Saturday, November 15, 2008
The Gaucho Burger
I seriously almost burnt down the house with this one. I started the jalapeno, tomato red onion until the broiler (500 degrees) and set the timer. I also had soup simmering on the stove top. I went to put James to bed and when Mark heard the timer go off he thought it was for the soup and took it off the burner. When I came back into the kitchen, I sat down with a book, waiting for the timer to go off. I thought I smelt something burning so I went to check the soup but that was ok. I went back to my book (I'm reading Twilight Book 3 and I'm kinda obsessed). So finally I said, "Something is seriously burning" and then realized that the veggies were way past their time and were scorched in the oven. We must have uneven heat distribution in the oven because the ones on the side were fine and were perfect to make the pico de gallo. Rachael Ray is the (self-proclaimed) Queen of the Burger. This one was mighty tasty! I served it with salt and pepper fries I got from PCC. Yum!
1 1/2 pounds lean ground beef sirloin
1/2 cup beer
2 cloves garlic, grated or finely chopped
2 T chili powder
1 T ground cumin
1 T ground coriander
1 T steak seasoning
2 t Worcestershire sauce
1 red onion, cut into 6 wedges
1/3 cup chopped cilantro (a generous handful)

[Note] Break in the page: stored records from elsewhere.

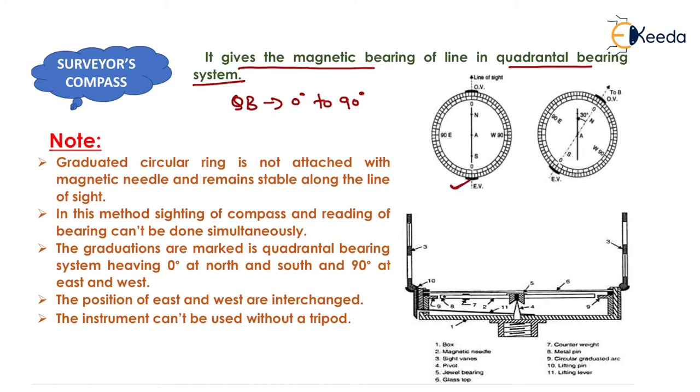Here is the surveyor's compass shown in the figure. The magnetic needle is visible, and the graduated ring is attached with the box, not with the magnetic needle. So if the magnetic needle rotates, the graduated ring will not rotate — it will only rotate with the movement of the box. In the surveyor's compass, the graduated circular ring is not attached with the magnetic needle and remains stable along the line of sight.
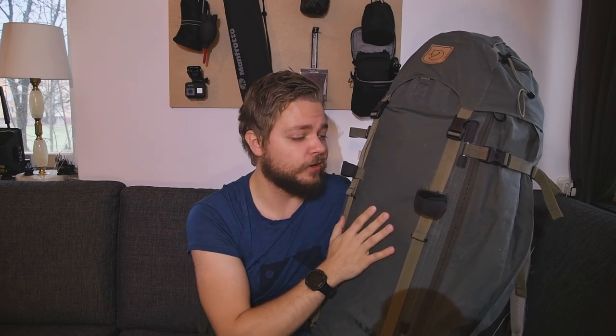I bought this backpack about eight months ago and I've been using it a lot. I used it on the Jämtland hike, I used it in Wärmland, I used it on the Kebnekaise hike, and also on various other weekend hikes.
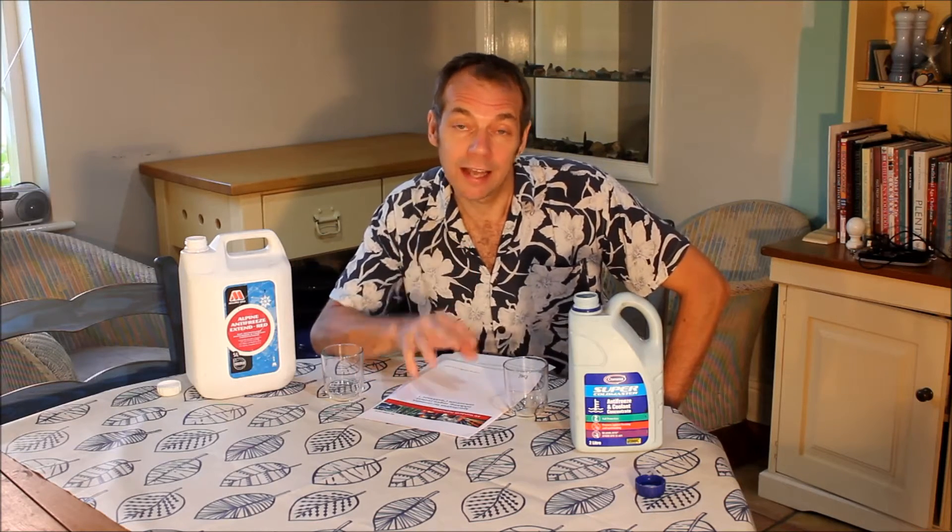Good morning YouTube! Just a short video this morning to update you on Lotus Cars' current recommendations for anti-freeze and gearbox oil for your Elan M100. Now I say 'current recommendations' - that is current as of August 2016, so bear in mind if you're watching this later, things may have moved on. But right here, right now, starting with anti-freeze.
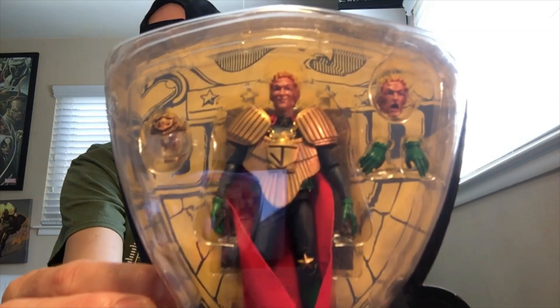Hello again and welcome back to the channel. Today we're going to take a look at some figures from Hiya Toys — some Judge Dredd figures. We've got three of them: Chief Judge Cal, Judge Hershey, and Judge Anderson.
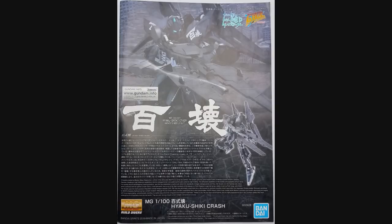Hey everybody, Jabman025 here. Today I'm taking a look at my 156th Master Grade, the Hyakushiki Crash. Now this is from one of the Gundam Build Fighters series. I never watched it. I just saw this kit, thought it looked really cool, I wanted it, I have it, I built it. Let's look at it.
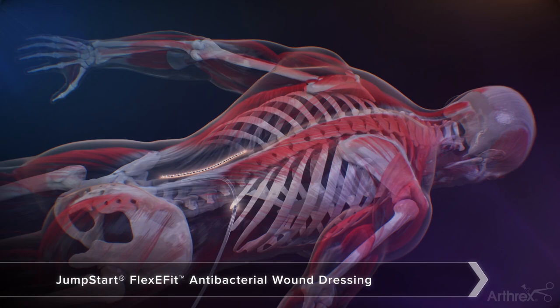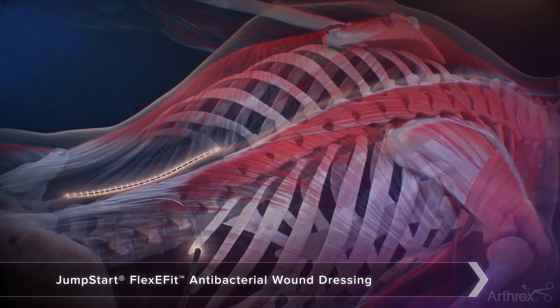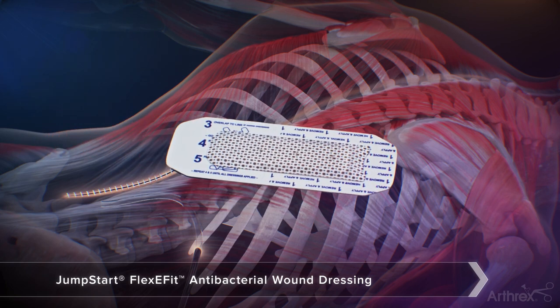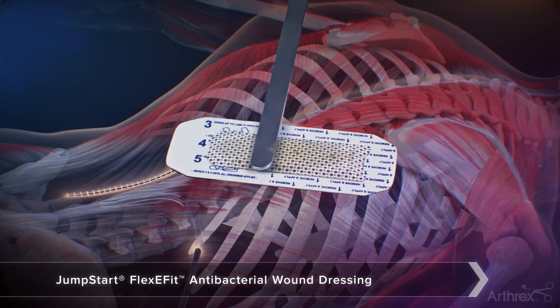For spine surgery, the Jumpstart FlexiFit provides the optimal solution for wound covering, as the dressing can be joined together based on the length of the patient's incision. Start by hydrating the FlexiFit dressing with Energel Wound Hydrogel.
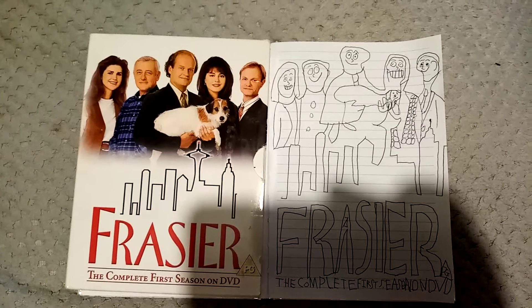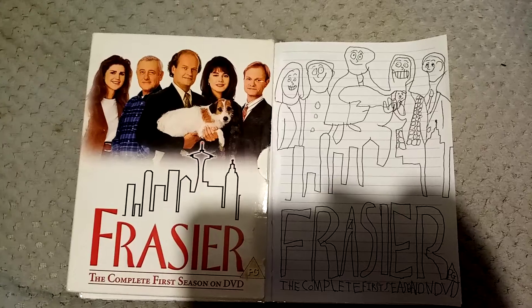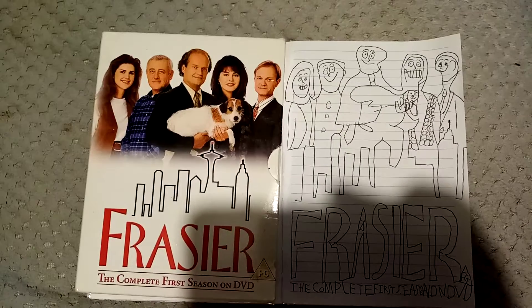Ok guys, this is Frasier: The Complete First Season on DVD. I drew it earlier. Check this out.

Juice of 1 lime plus 1 teaspoon grated peel
8 deli-slices pepper Jack cheese
4 Kaiser rolls, preferably cornmeal-crusted, split and toasted
Shredded romaine lettuce
In a large bowl, combine the beef, beer, garlic, chili powder, cumin, coriander, steak seasoning and Worcestershire sauce. Shape into four patties.
Pre-heat the broiler. Halve and seed the tomatoes and jalapeños before broiling. On a rimmed baking sheet, broil the tomatoes, jalapeños and red onion, turning once, until charred, about 15 minutes. Chop the charred veggies; transfer to a bowl. Add the cilantro, lime juice and lime peel; season the pico de gallo with salt.
In the broiler or on the grill, cook the burgers over medium-high heat for 5 minutes on each side for medium-rare doneness, melting the cheese over each burger during the last few minutes of cooking.
To serve, layer each roll bottom with lettuce, a burger, some pico de gallo and a roll top.